FDA chief tells reporter ‘transfer on’ when pressed on Biogen Alzheimer’s drug approval

A pedestrian walks past Biogen Inc. headquarters in Cambridge, Massachusetts on Monday, June 7, 2021.

Adam Glanzman | Bloomberg | Getty Images

Acting Commissioner of the Food and Drug Administration, Dr. Janet Woodcock, on Wednesday, turned down a journalist’s questions about the controversial approval of Biogen’s Alzheimer’s drug Aduhelm.

During an interview at STAT’s Breakthrough Science Summit, STAT reporter Nicholas Florko asked Woodcock several questions about the drug, including whether she was surprised that the agency approved it for such widespread use.

When the FDA approved Aduhelm last month, it didn’t limit its use to specific Alzheimer’s patients. But after facing heavy criticism, about a month later, U.S. regulators changed course, updated the label, and restricted use of the drug for people with mild or early-stage Alzheimer’s disease.

Woodcock said Wednesday that the broader label is in line with other drugs for neurodegenerative disease. The FDA chief also admitted that Biogen’s drug approval process could possibly have been handled differently.

“It is possible that the process would have been managed in a way that would have reduced the controversy associated with it,” she said.

Florko asked if she was surprised at the label. She replied, “I think we should go ahead.”

Then, when Florko urged Woodcock to see if she was aware of a reported meeting between an FDA regulator and Biogen in 2019, Woodcock said she had worked for Operation Warp Speed, the company’s Covid drug and vaccine program, all last year former President Donald Trump. Then she said, “Nick, this is an interrogation right now,” and asked again to move on from the biotech company’s drug questions.

“I will not comment if and when and who. I really think we should go ahead, ”she replied.

The interview came less than a week after Woodcock requested a federal investigation into the approval of Biogen’s drug. On Friday, she asked the independent Office of Inspector General to investigate interactions between the US agency and Biogen prior to the drug’s approval on June 7th.

Biogen’s stock rose last month after the FDA approved the biotech company’s drug, the first drug approved by U.S. regulators to slow cognitive decline in people with Alzheimer’s, and the first new drug against the disease for nearly two decades.

This decision was a departure from the recommendations of the agency’s independent panel of external experts, which unexpectedly refused to approve the drug last fall, citing inconclusive data.
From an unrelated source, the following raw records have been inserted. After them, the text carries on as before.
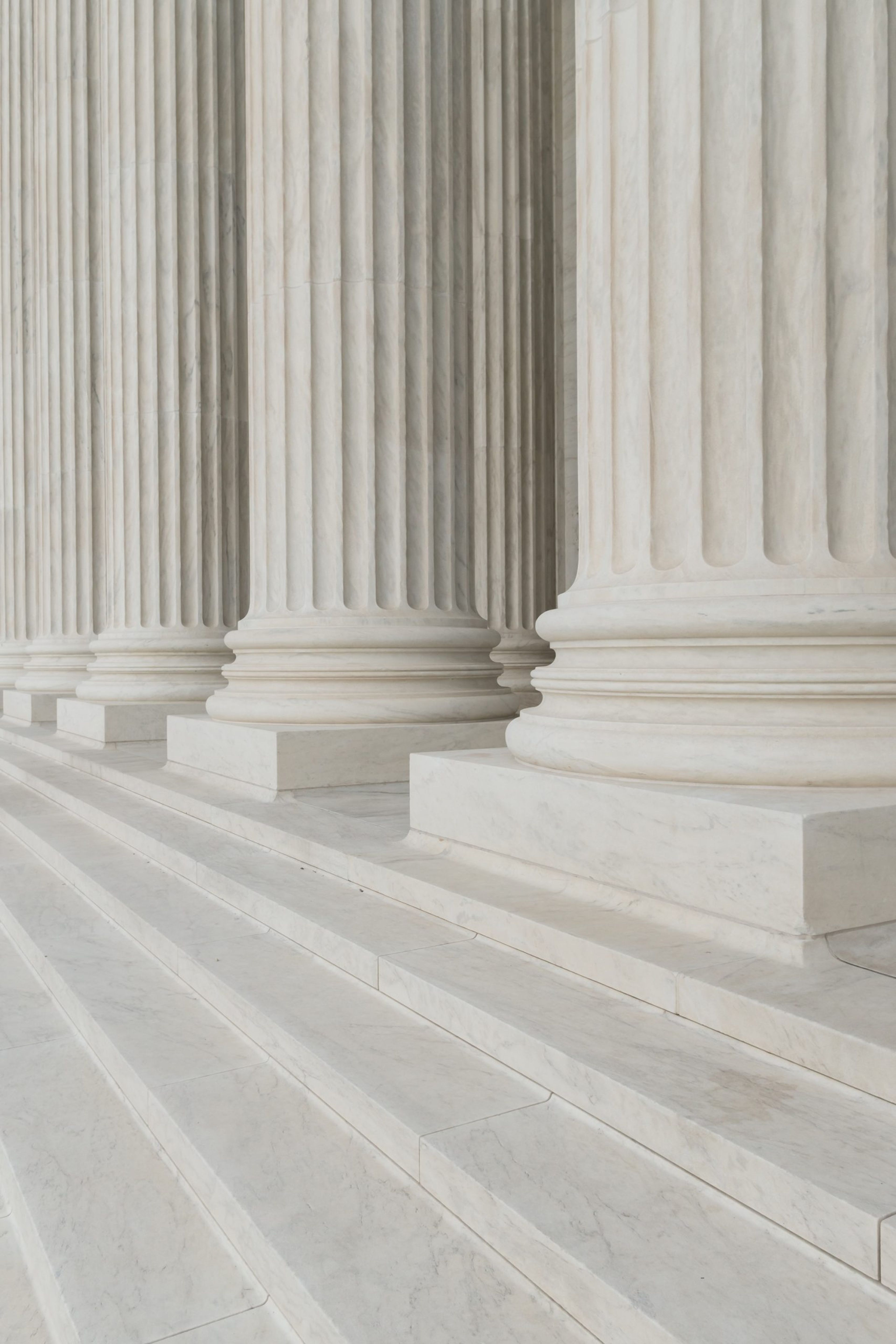 The Constitutional Court of Montenegro intervenes in a dispute over arbitrability of a claim under an agreement for lease of immovable located in Montenegro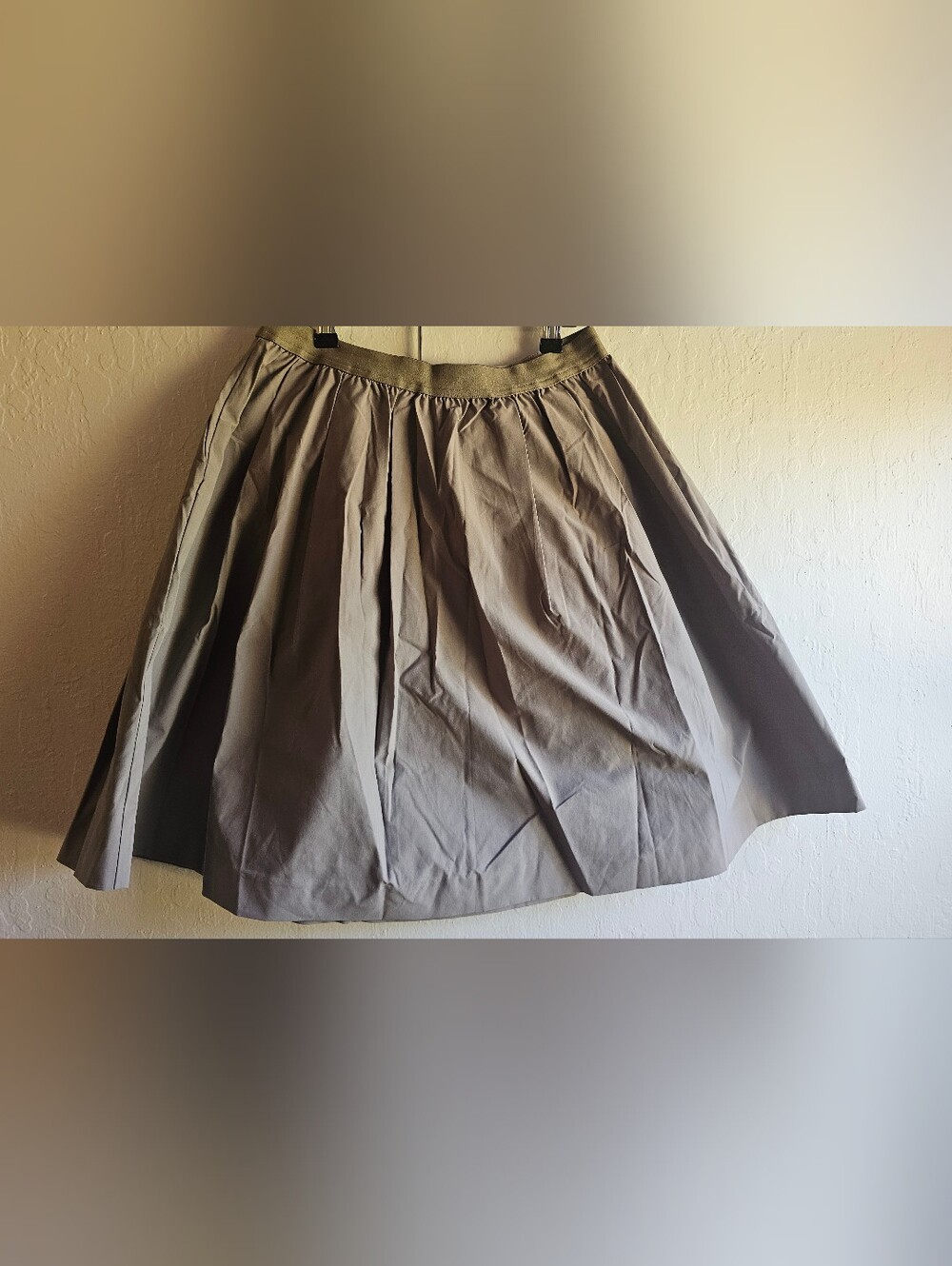 Uniqlo Taupe Pleated A-Line Skirt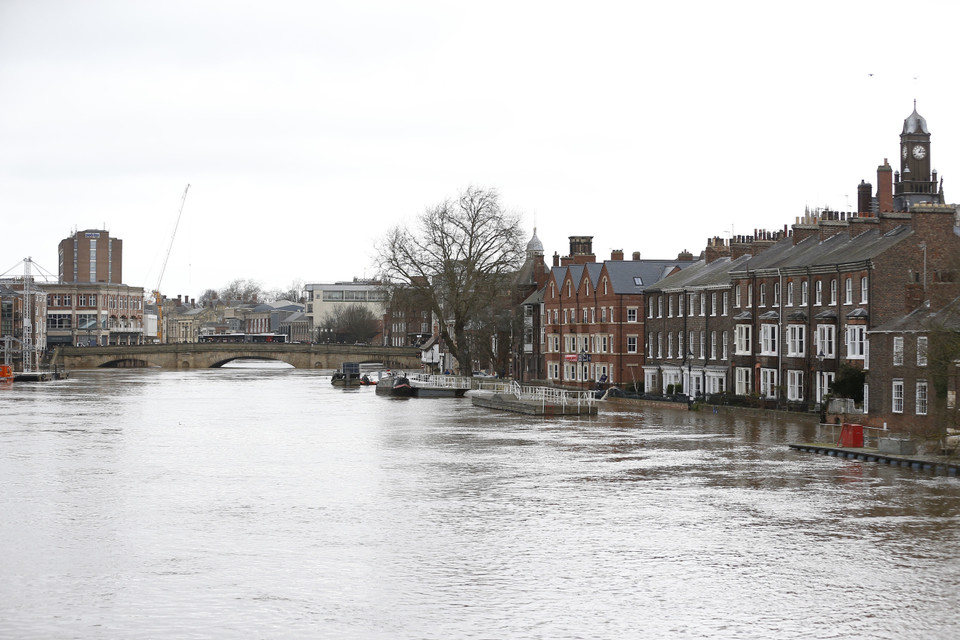 Ngày 17/2/2020, Anh đã ban bố cảnh báo lũ lụt nghiêm trọng có thể đe dọa tới tính mạng của người dân sau khi bão Dennis gây ra mưa lớn ở một số vùng của nước này. Trong khi đó, tại Pháp, bão Dennis cũng đã khiến 60.000 người tại khu vực Tây Bắc nước này rơi vào cảnh mất điện và làm giao thông đường sắt bị gián đoạn. Trong ảnh: Ngập lụt do mưa lớn tại York, Anh, ngày 17/2/2020. (Ảnh: THX/ TTXVN)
At least three members of the committee resigned in protest after the agency’s approval.

Federal agencies have faced heavy pressure from friends and family of Alzheimer’s patients to ask for the drug scientifically known as aducanumab to be expedited. The drug targets a “sticky” compound in the brain known as beta-amyloid that scientists expect to play a role in the devastating disease.

The investigation is the most recent setback for the company and the drug, which has been controversial since 2016.

In March 2019, Biogen withdrew from development of the drug after analysis by an independent group found it was unlikely to work. The company then shocked investors a few months later by announcing that it would apply for regulatory approval for the drug after all.

When Biogen filed for approval for the drug in late 2019, its scientists said a new analysis of a larger data set showed that aducanumab “reduces clinical decline in patients with early-stage Alzheimer’s disease.”

Alzheimer’s experts and Wall Street analysts were immediately skeptical, wondering whether the clinical trial data was enough to prove the drug works and whether approval could make it difficult for other companies to enroll patients in their own drug trials.

Some doctors have said they won’t prescribe aducanumab because of the mixed data package that supports the company’s application.